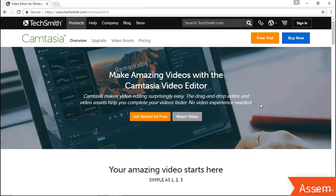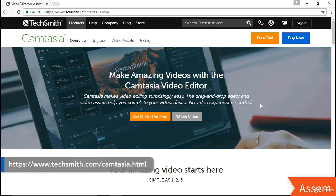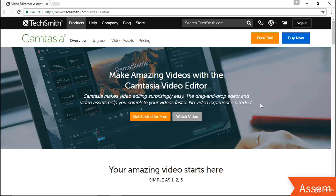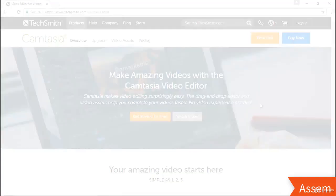If you haven't yet installed Camtasia 9 on your computer, you'll want to do that before you begin. You can download the full or free trial version at TechSmith.com/Camtasia — either version will work for this course. TechSmith does offer a discount for educators, so if you are an educator, make sure you check out that option before purchasing the program.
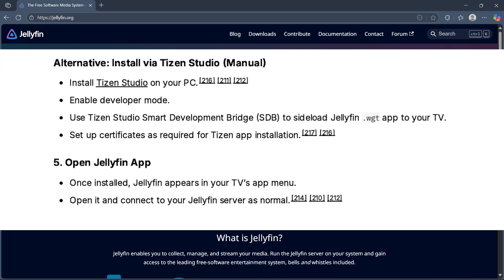Alternatively, install Tizen Studio on your PC and enable developer mode. Use Tizen Studio Smart Development Bridge (SDB) to sideload the Jellyfin.wgt app to your TV and set up certificates as required for Tizen app installation.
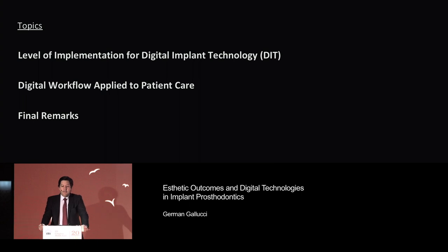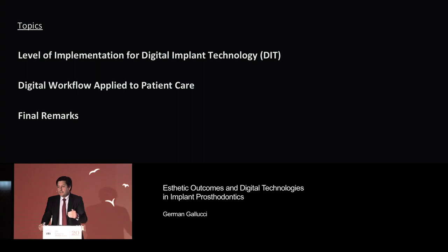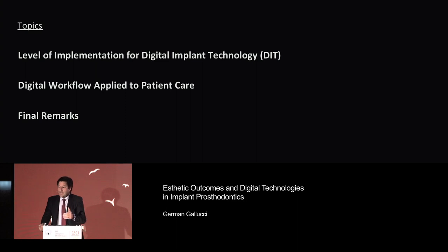The topics I'll share with you today are divided on the level of implementation of digital technology, and I'll show you that in a few slides. I will spend the bulk of the presentation on looking at the digital workflow applied to patient care. I always look at these developments from the clinician's side, and since the beginning I understood that this digital technology, or any technology that we are about to adopt, needs to bring additional benefits to our chair side.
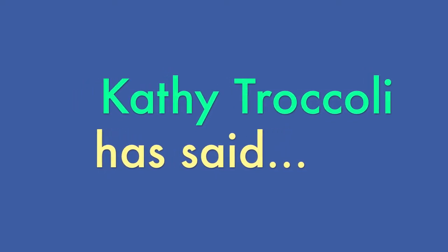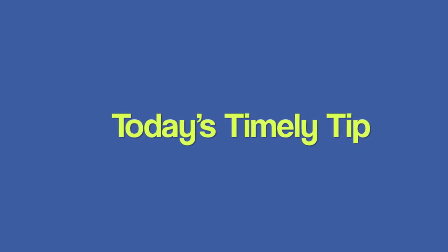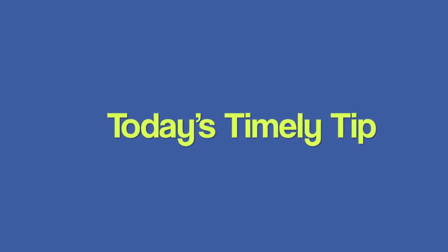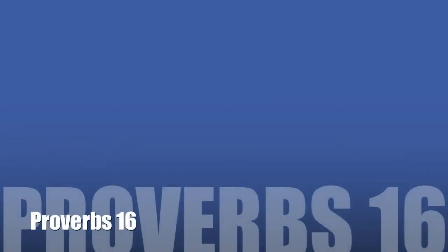Today's timely tip is never be afraid to hope or to ask for a miracle. Make sure to read the proverb in the description below and subscribe if you haven't already.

[Aim of the exercise] Print every line of the material above exactly as it reads, skipping the pictures.

[Reply]
If you haven't yet installed Camtasia 9 on your computer, you'll want to do that before you begin. You can download the full or free trial version at TechSmith.com/Camtasia — either version will work for this course. TechSmith does offer a discount for educators, so if you are an educator, make sure you check out that option before purchasing the program.
Alternatively, install Tizen Studio on your PC and enable developer mode. Use Tizen Studio Smart Development Bridge (SDB) to sideload the Jellyfin.wgt app to your TV and set up certificates as required for Tizen app installation.
The topics I'll share with you today are divided on the level of implementation of digital technology, and I'll show you that in a few slides. I will spend the bulk of the presentation on looking at the digital workflow applied to patient care. I always look at these developments from the clinician's side, and since the beginning I understood that this digital technology, or any technology that we are about to adopt, needs to bring additional benefits to our chair side.
Today's timely tip is never be afraid to hope or to ask for a miracle. Make sure to read the proverb in the description below and subscribe if you haven't already.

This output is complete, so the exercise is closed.